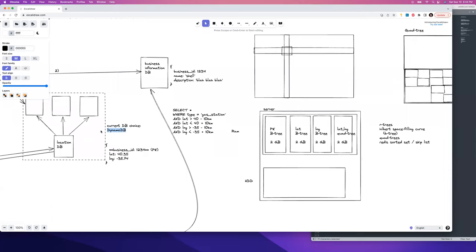Some database software actually handles quad trees for you. For example, Elasticsearch has quad trees built in. So we're going to switch from DynamoDB to Elasticsearch for the location DB. We're kind of forced into Elasticsearch here because it has a built-in implementation of quad trees — you don't even have to code them up yourself. Some database solutions actually have it built in.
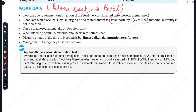Vasa previa can be diagnosed antenatally by Doppler study. When bleeding occurs in vasa previa, a sinusoidal fetal heart rate pattern is seen. This is an important point.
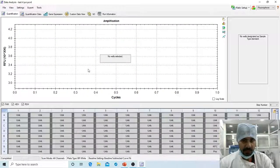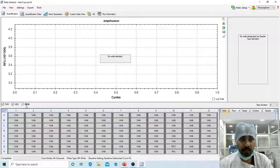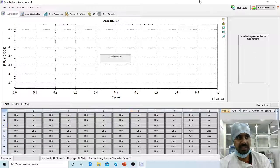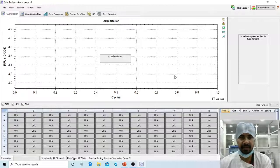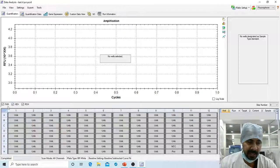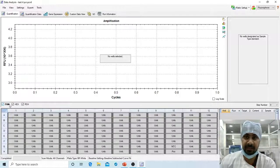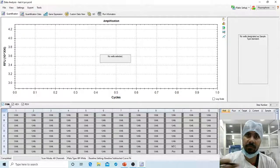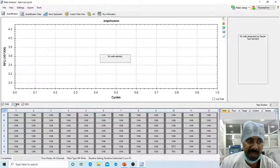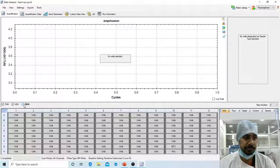This is the direct CFX software file. There are three targets as already discussed. You need to label the targets, and the machine shows you the fluorophores. When the run is complete you will get this type of screen. The three targets selected are FAM for ORF1ab, HEX for N gene, and ROX for the internal control.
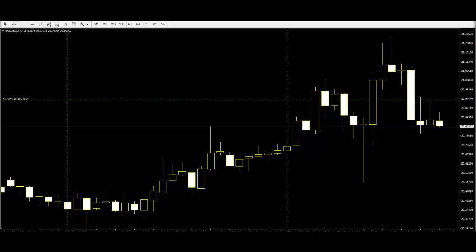The bullish Doge appears after a downtrend, whereas the bearish Doge appears after an uptrend. The Doge is a confused pattern in general. In the common Doge, the open and close price are very close. In the gravestone Doge, the open and close price is at the lowest price.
==========
• Work instructions:
Retype the listing above exactly, please. Pictures do not belong in the copy.

• Solution to the problem:
Some database software actually handles quad trees for you. For example, Elasticsearch has quad trees built in. So we're going to switch from DynamoDB to Elasticsearch for the location DB. We're kind of forced into Elasticsearch here because it has a built-in implementation of quad trees — you don't even have to code them up yourself. Some database solutions actually have it built in.
Vasa previa can be diagnosed antenatally by Doppler study. When bleeding occurs in vasa previa, a sinusoidal fetal heart rate pattern is seen. This is an important point.
This is the direct CFX software file. There are three targets as already discussed. You need to label the targets, and the machine shows you the fluorophores. When the run is complete you will get this type of screen. The three targets selected are FAM for ORF1ab, HEX for N gene, and ROX for the internal control.
The bullish Doge appears after a downtrend, whereas the bearish Doge appears after an uptrend. The Doge is a confused pattern in general. In the common Doge, the open and close price are very close. In the gravestone Doge, the open and close price is at the lowest price.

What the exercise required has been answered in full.